The rationale behind this is that I want to build truly reproducible images that create the same image digest from the same Git commit hash in every case. Does anybody else have a need for that feature and if so, which of the four options would you prefer? Or do you have better ideas?
@nalind WDYT? I am fine with this.
Might be better to set this in buildah from and buildah bud.
buildah from --epoch-time ...
buildah bud --epoch-time
@hendrikhalkow Are you interested in working on this?
Hi @rhatdan I'd love to, but I am pretty new to Go programming, so it would require quite some guidance. Maybe we achieve better results when somebody else implements it.
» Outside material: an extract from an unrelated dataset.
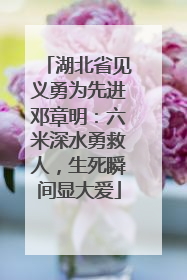 湖北省见义勇为先进邓章明：六米深水勇救人，生死瞬间显大爱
As of now, I can help with concept work.
I like the idea setting it in buildah from or buildah bud. So let me rephrase how you think this would work:
Running the following script twice would create exactly the same image with identical hashed, assuming the installation sources have not changed.
ctr="$( buildah from --epoch-time '1970-01-01 00:00:00Z' scratch )"
mnt="$( buildah mount "${ctr}" )"
dnf install --installroot="${mnt}" ...
# remove some files that make our files non-reproduceable
pushd "${mnt}"
rm -rf ./etc/machine-id ./lib/.build-id ...
popd
# what would the creation time of these files be?
ls -la "${mnt}"
# If we have have `from --epoch-time, do we still need `commit --omit-timestamps`?
buildah commit --omit-timestamps "${ctr}" image
At which point would the actual magic happen? When the files are written into the mounted directory or when the container is committed into an image?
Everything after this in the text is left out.